Crossroad in a Wood depicts a lively, rural scene with passers-by and hunters as well as other figures engaged in their daily tasks. The viewer’s attention is directed towards a crossroad on the dusty highway, located slightly to the left and depicted using a high viewpoint. Van der Heyden includes a screen of trees parallel to the lower edge of the panel, broken in the centre by a road that continues into the background, the form of which is emphasised by the light that reaches the scene from the horizon. Effects of light are also used to introduce the viewer into the composition in the form of an area of shade in the immediate foreground that covers part of the path, along which a man seen from behind is walking towards the principal highway, which is brightly lit. On the left, Van der Heyden opened out the landscape by the roadside with a building surrounded by a solid wall and a rustic wooden fence.
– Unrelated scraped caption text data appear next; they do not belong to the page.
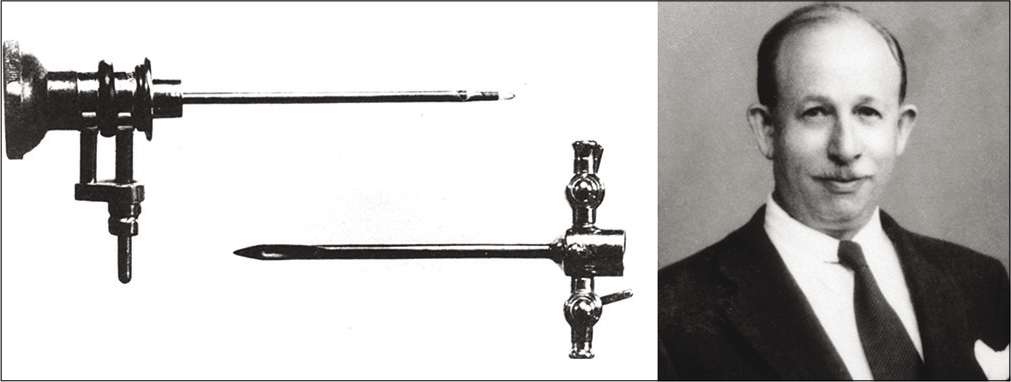 Dr. Michael Burman and his arthroscopy equipment. The upper portion is the telescope (3 mm diameter), and lower portion is the trochar sheath (4 mm diameter). Source: Byrd 2013 – Springer “Overview and History of Hip Arthroscopy” in book “Operative Hip Arthroscopy” ISBN 978-1-4419-7925-4.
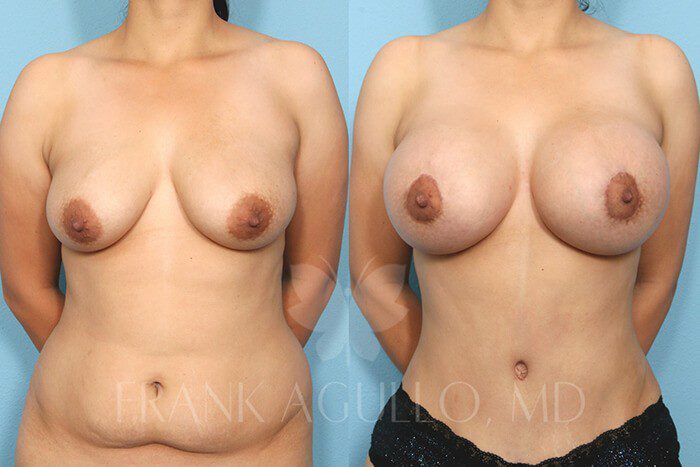 Mommy Makeover Before and After 2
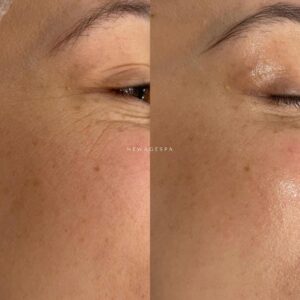 traitement des rides résultats photo new age montreal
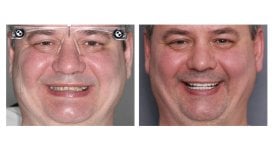 نتائج قبل وبعد تركيب تاج PFM في Smile Centrum، تحسين جمالية الابتسامة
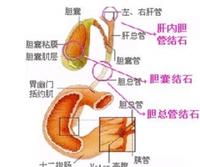 胆结石分类 胆结石分类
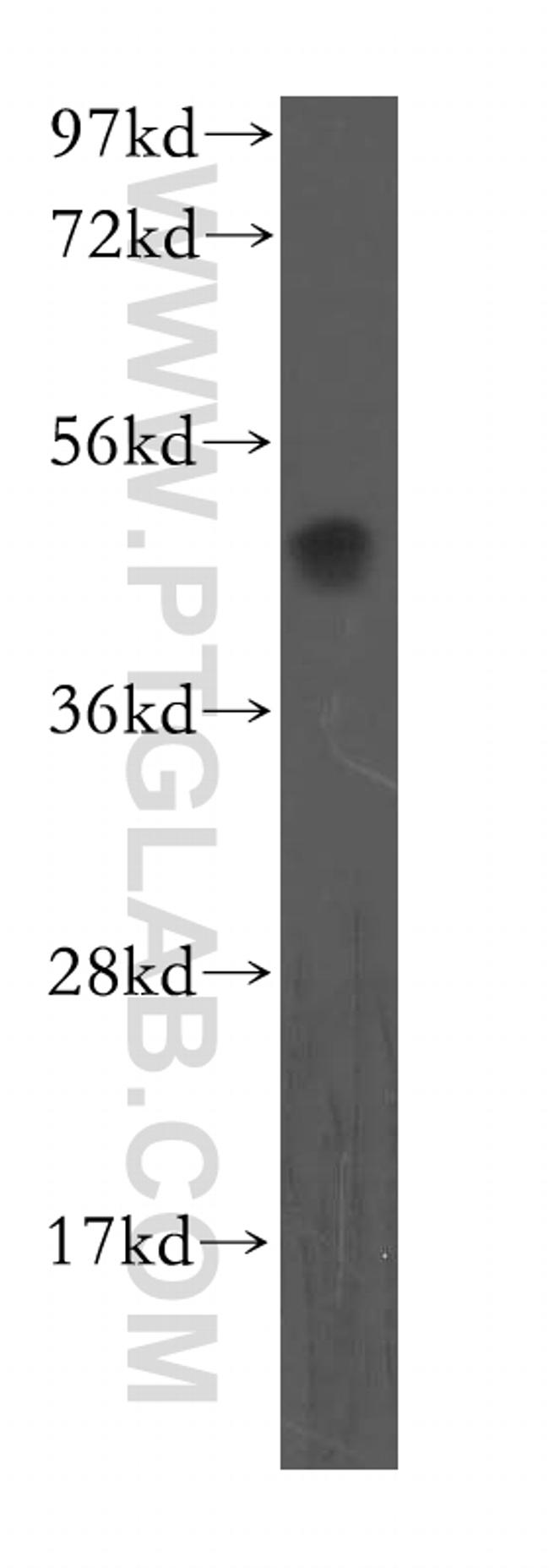 OLR1 Antibody in Western Blot (WB)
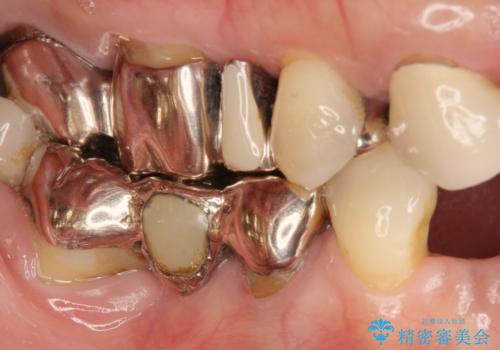 インプラント治療で達成するしっかりと食事できる噛み合わせの症例 治療前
A balancing element on the right is the small house whose inhabitants are depicted looking out of the window, busy washing clothes in the river or peacefully fishing beside a bridge that links up with one of the roads.
It has been suggested that this scene is based on an area near Haarlem known as Haagse Bos. Van der Heyden knew this area as on various occasions he depicted the Huis ten Bosch (House in the Wood), a palace designed by Pieter Post in 1647 and whose decoration was entrusted to Cesar van Everdingen, Gerrit van Honthorst and Jan Lievens, among others. One of Van der Heyden’s views of this palace is now in the National Gallery, London. On the other hand, the panel may depict an imaginary landscape.
The present panel is a fine example of the artist’s painstaking and meticulous technique with its attention to detail. A typical feature of Van der Heyden’s work is the manner in which the bricks are painted, as can be seen in the two buildings. Discussing the artist’s manner of painting bricks, Houbraken noted that, “one can see the mortar in the joins”. This highly detailed approach is also evident in the extensive crowns of the trees in which every element is painted in individual detail, creating an overall effect of dense foliage. This interest in conveying the detail in specific areas of the composition does not, however, impede the creation of an overall sense of atmosphere, achieved through the handling of light and shadow.
For the figures in his works Van der Heyden turned to Adriaen van de Velde, although it is possible that in the present panel he painted them himself.